- **Exercise**
Exclude the pictures and reproduce exactly the lines that run from the one holding "Panda Meditation coloring page" to the end of the entries below.

[Scraped caption text data]
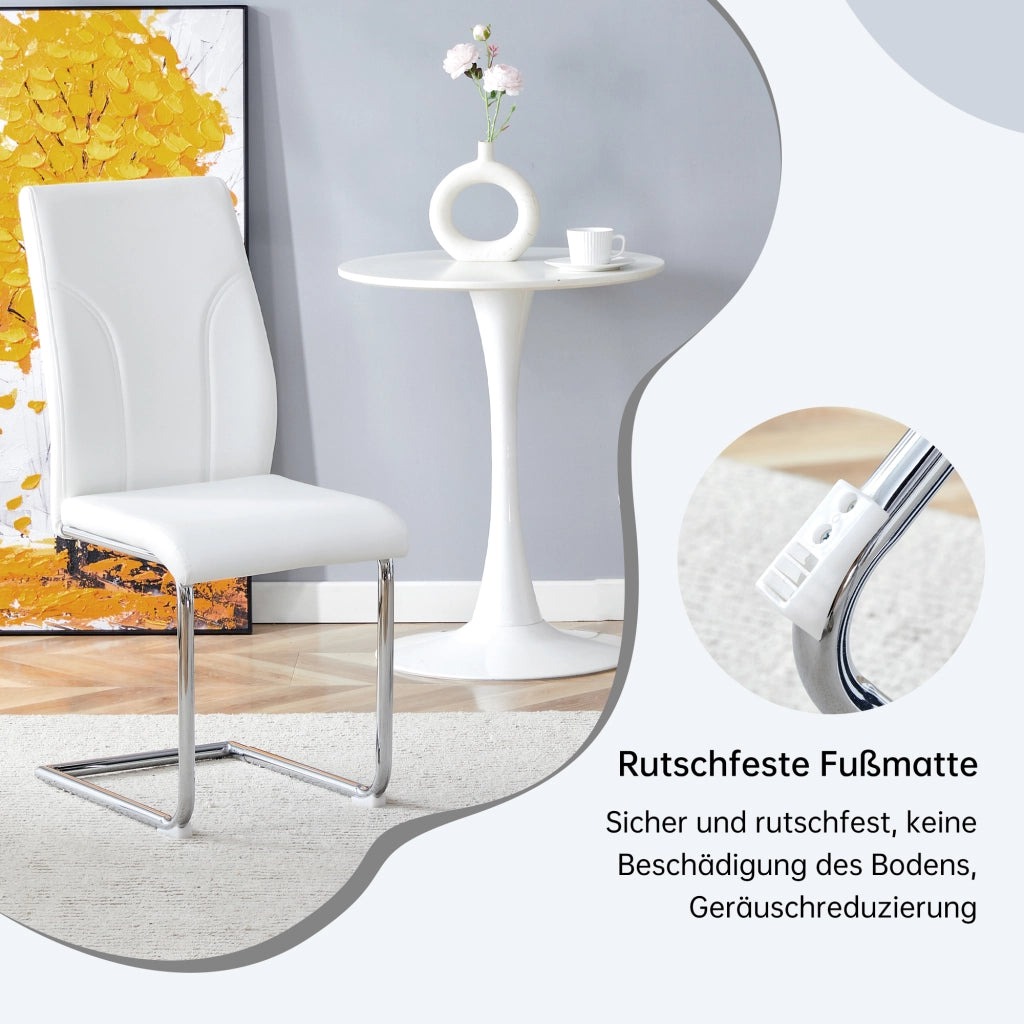 Sedia da pranzo con seduta imbottita e schienale confortevole per cucina e sala da pranzo in PU bianco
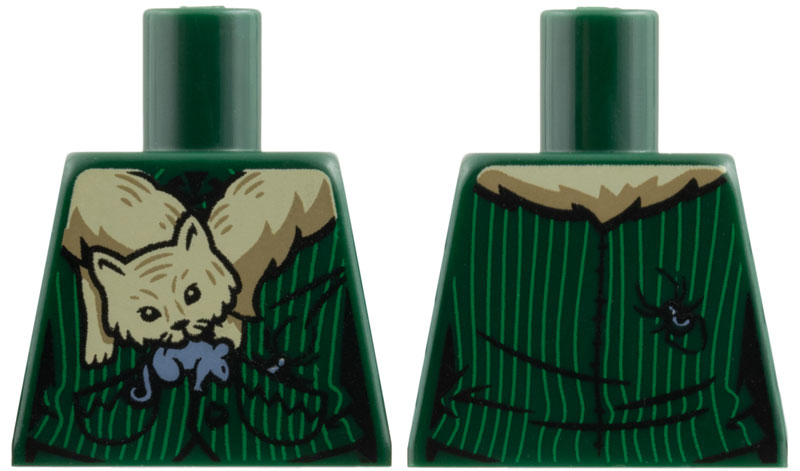 Torso Harry Potter Pinstripe Jacket with Cat Holding Mouse Shawl and Spider on Back Pattern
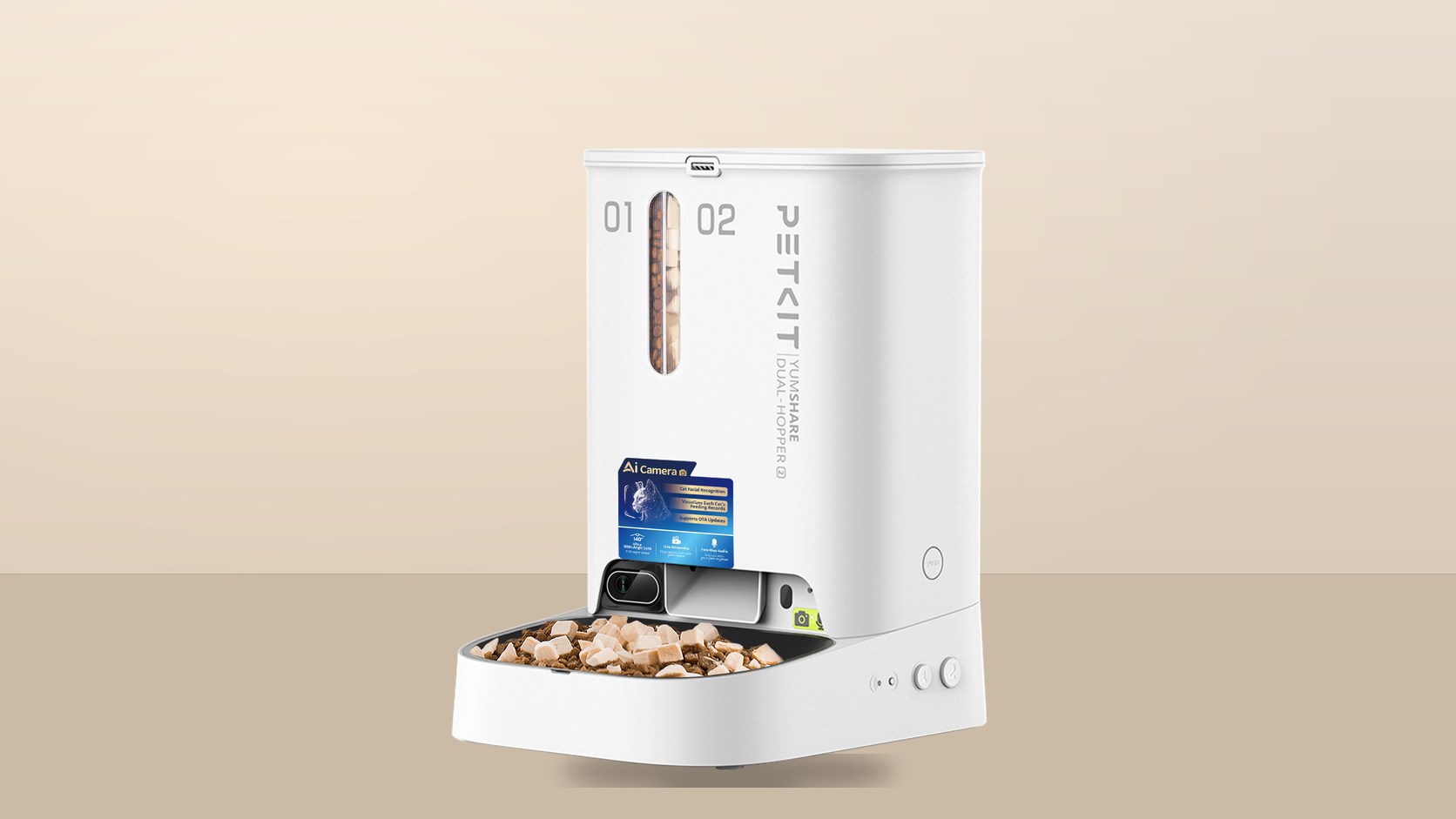 Wide view of the complete PETKIT YumShare Dual-hopper 2 feeder on a neutral warm surface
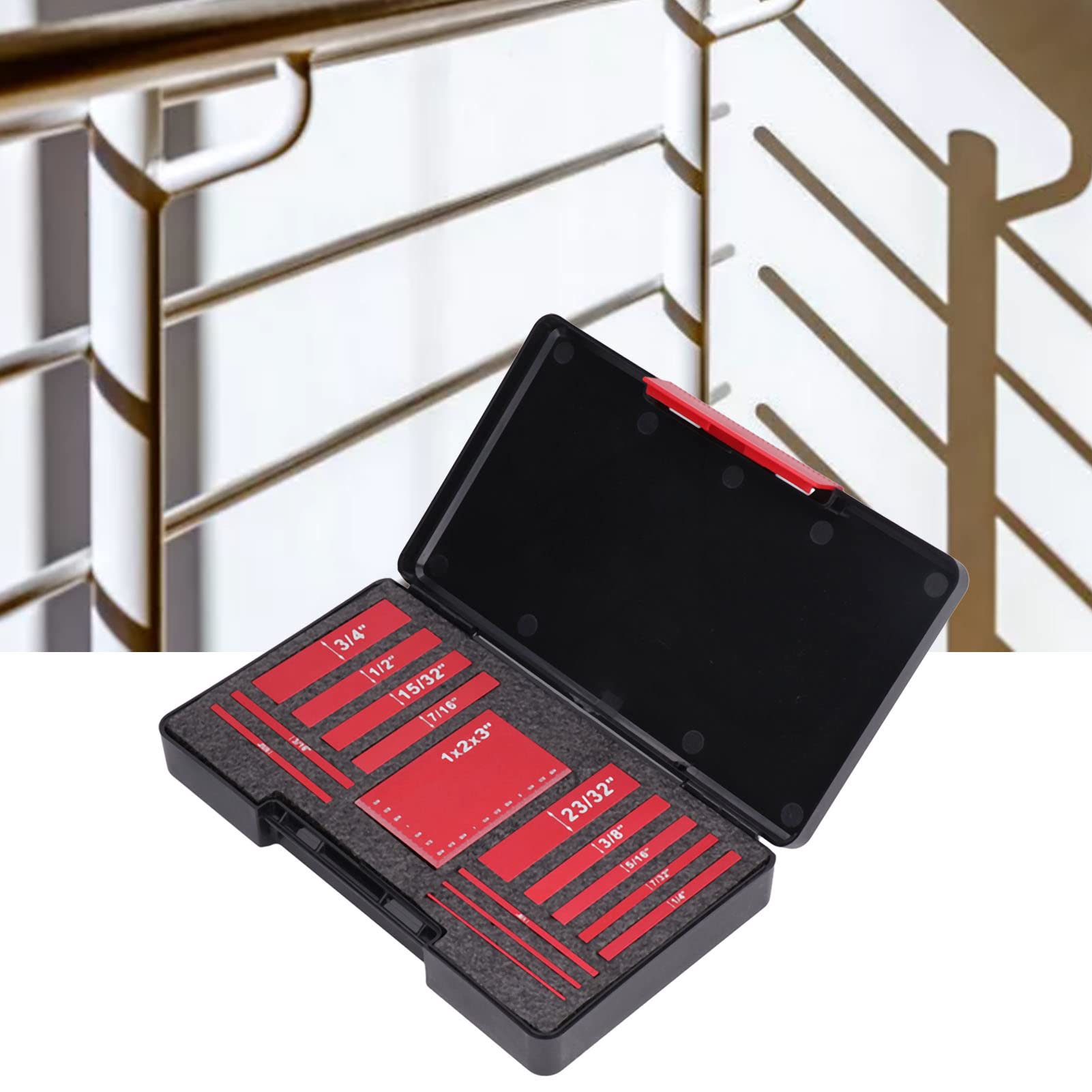 Juego De Reglas Métricas De Altura De 15 Piezas, Bloques De Medida Claramente Grabados, Juego De Reglas De Altura De Aluminio Para Carpinteros (Rosso)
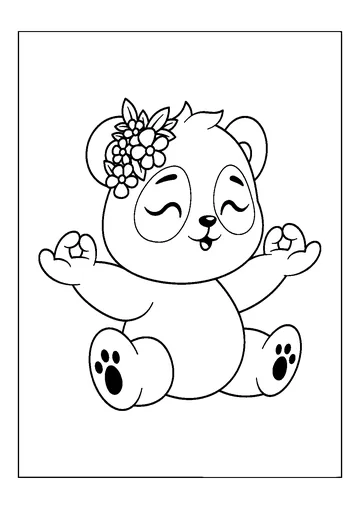 Panda Meditation coloring page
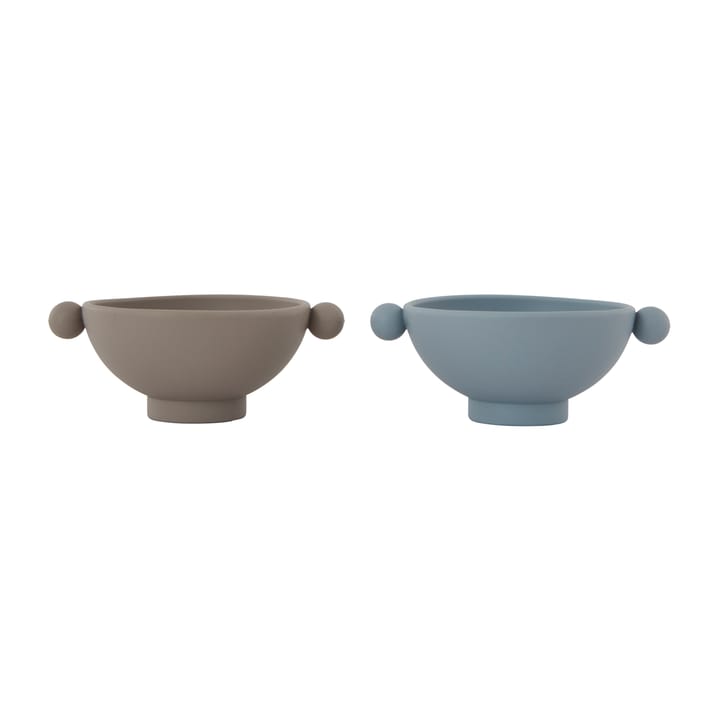 Tiny Inka kulho Ø11 cm 2-pack, Dusty blue-clay OYOY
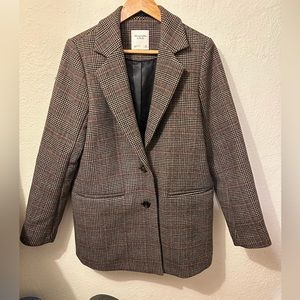 Brown plaid wool blend blazer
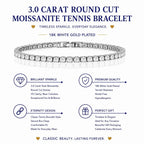 3 Carat round Cut Moissanite Tennis Bracelet 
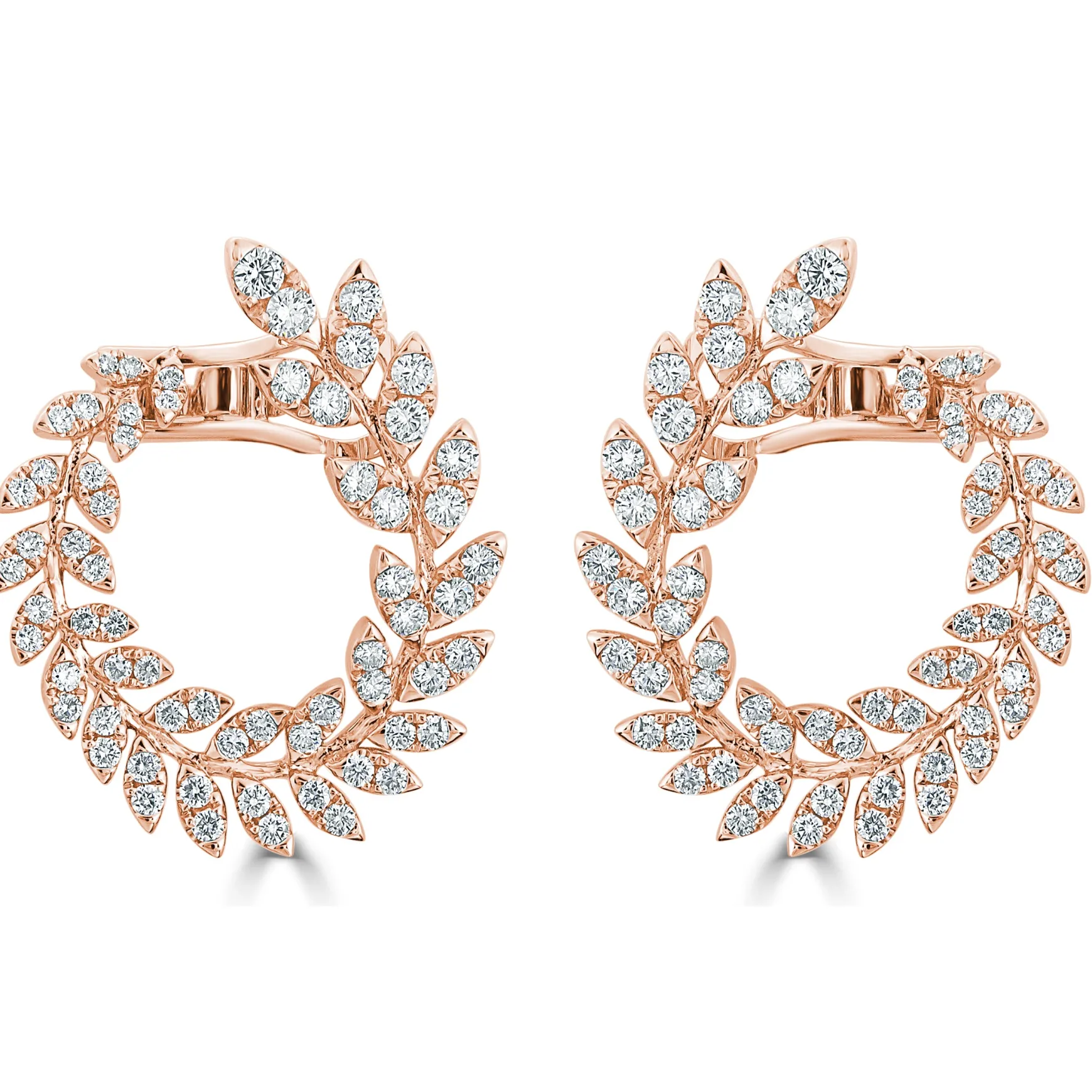 Sienna Diamond Ivy Front Facing Hoop Earrings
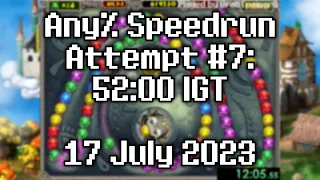 Zuma Deluxe - Any% Speedrun Attempt #7: 52:00 IGT (17 July 2023)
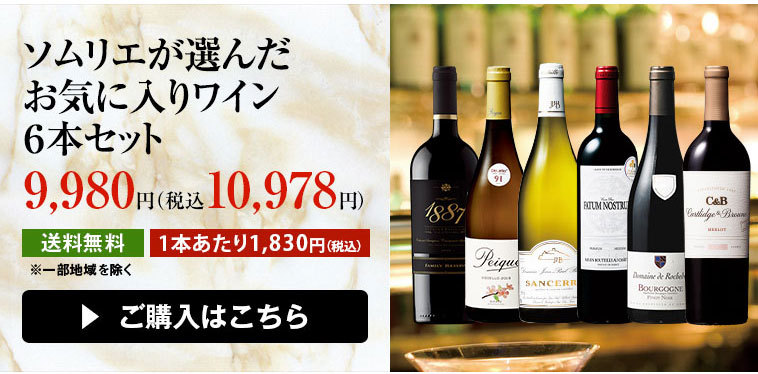 ワイン ワイン ワインセット ソムリエが選んだお気に入りワイン６本セット 送料無料 MyWineClub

- **Task solution**
 Panda Meditation coloring page
 Tiny Inka kulho Ø11 cm 2-pack, Dusty blue-clay OYOY
 Brown plaid wool blend blazer
 3 Carat round Cut Moissanite Tennis Bracelet 
 Sienna Diamond Ivy Front Facing Hoop Earrings
 Zuma Deluxe - Any% Speedrun Attempt #7: 52:00 IGT (17 July 2023)
 ワイン ワイン ワインセット ソムリエが選んだお気に入りワイン６本セット 送料無料 MyWineClub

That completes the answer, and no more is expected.